Published 8:37 pm Monday, August 13, 2018

In a few weeks, we’ll celebrate the first responders in our midst. Although we’re more aware of the police and fire departments, there are a variety of first responders including air-sea rescue, cave rescue, swift-water rescue, wilderness rescue and others. 

I’m fascinated by cave rescues, because as a high school student, some of my friends and I would roam our local countryside in search of caves to explore.

We’d put sleeping bags in the back of a station wagon and ride from cave to cave resting on the sleeping bags when we got a chance. In one cave, I found myself in total darkness and was walking along trying to find someone with a flashlight. Suddenly a light flashed into the “room” and I realized I was standing on the edge of a 15-foot drop onto a rocky cave floor. It’s the closest I’ve ever come to needing a cave rescue.

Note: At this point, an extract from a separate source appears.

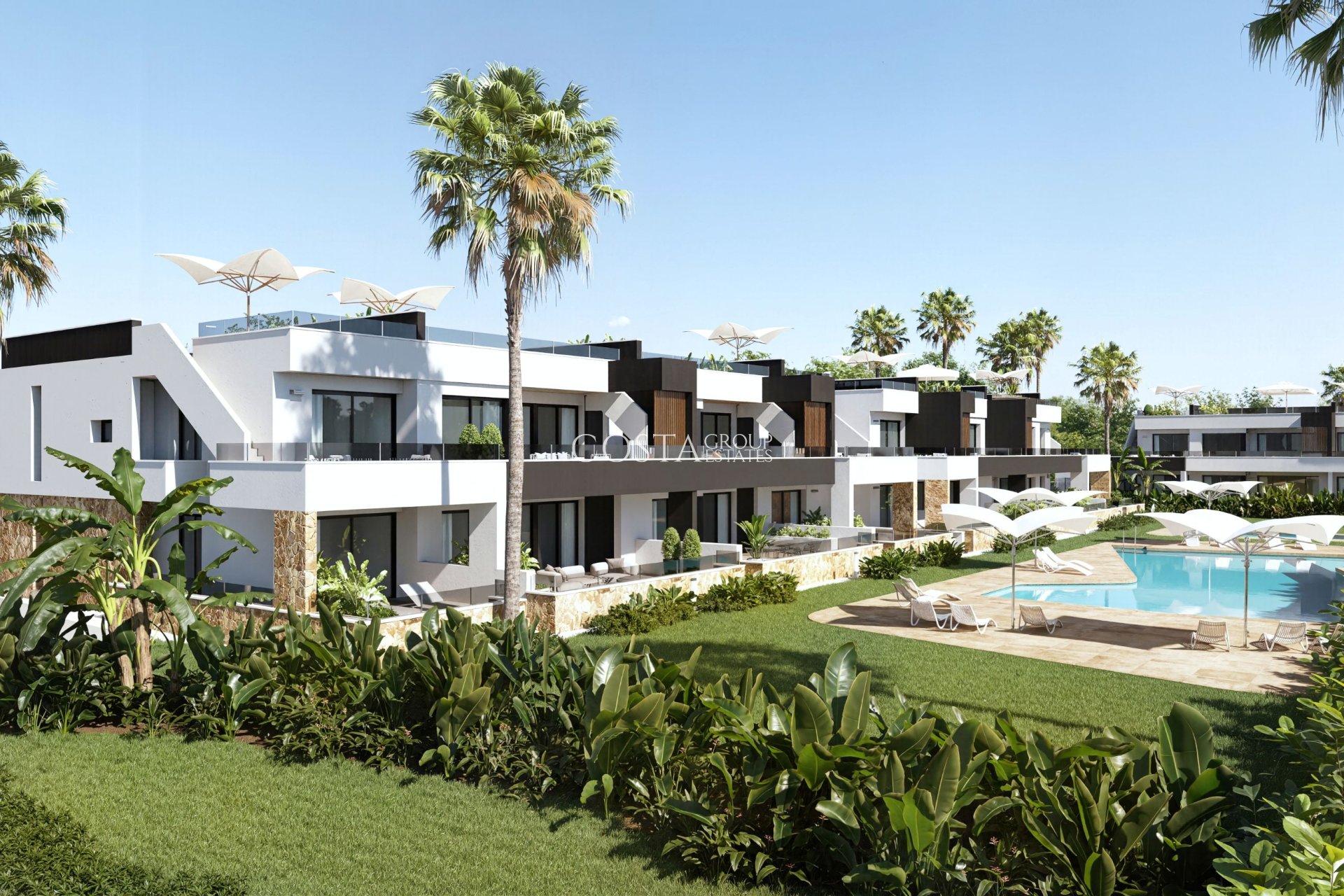 Nieuwbouw Woningen - Apartments -
Ciudad Quesada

In 1925, the first high-profile cave rescue in history made headlines after 10,000 people watched volunteers attempt to rescue Floyd Collins in Sand Cave, Kentucky. He died despite the heroic efforts of volunteers to reach him and his body was recovered two months later when a German engineering crew finally dug a shaft and brought his body out.

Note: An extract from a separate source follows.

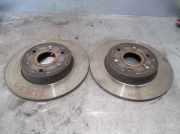 Bremsscheibe Vorne Smart COUPE Turbo CAT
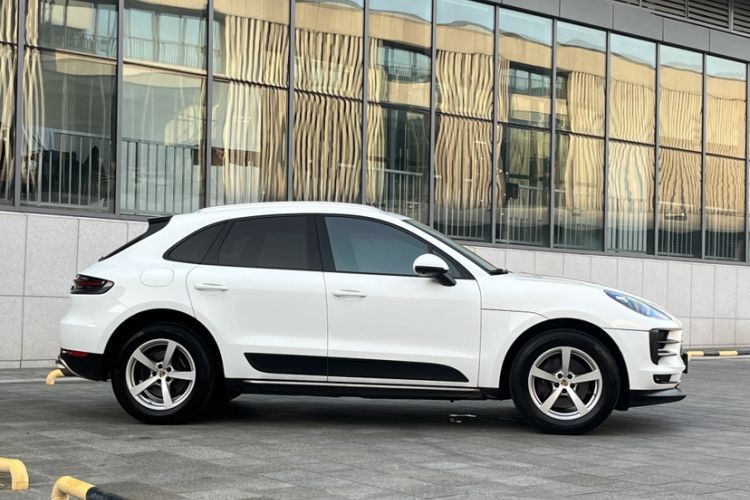 Used Porsche Macan 2018 Macan 2.0T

According to Wikipedia, the world’s first cave rescue team, the Cave Rescue Organization, was founded in 1935 in Yorkshire, United Kingdom. Like all cave-rescue operations in the UK, it’s composed of volunteers, funded by donations, and maintains a list of 200 or more skilled “cavers” who are on call.

The pioneer cave rescue team in the United States, created in the 1960s, is the Cave Rescue Communications Network operating out of Washington, DC and covering the mid-Atlantic area. Most southeastern cave rescue teams average 15-20 members. Fortunately, there are only an average 40-50 cave rescues a year across North America.

“From the bottom of the pit, O Lord, I cried out to you, And when I begged you to listen to my cry, you heard. You answered me and told me not to be afraid. ‘You came to my rescue, Lord, and saved my life. Judge in my favor; you know the wrongs done against me. You know how my enemies hate me and how they plot against me (Lamentations 3).’”

We preachers like to use big words to describe our faith — prevenient grace, justification, salvation, sanctification, and perfection. It might better and easier to use words everybody understands — we could say we’re trapped in a pit (cave) of sin and God sent his son down a shaft to rescue us from the darkness.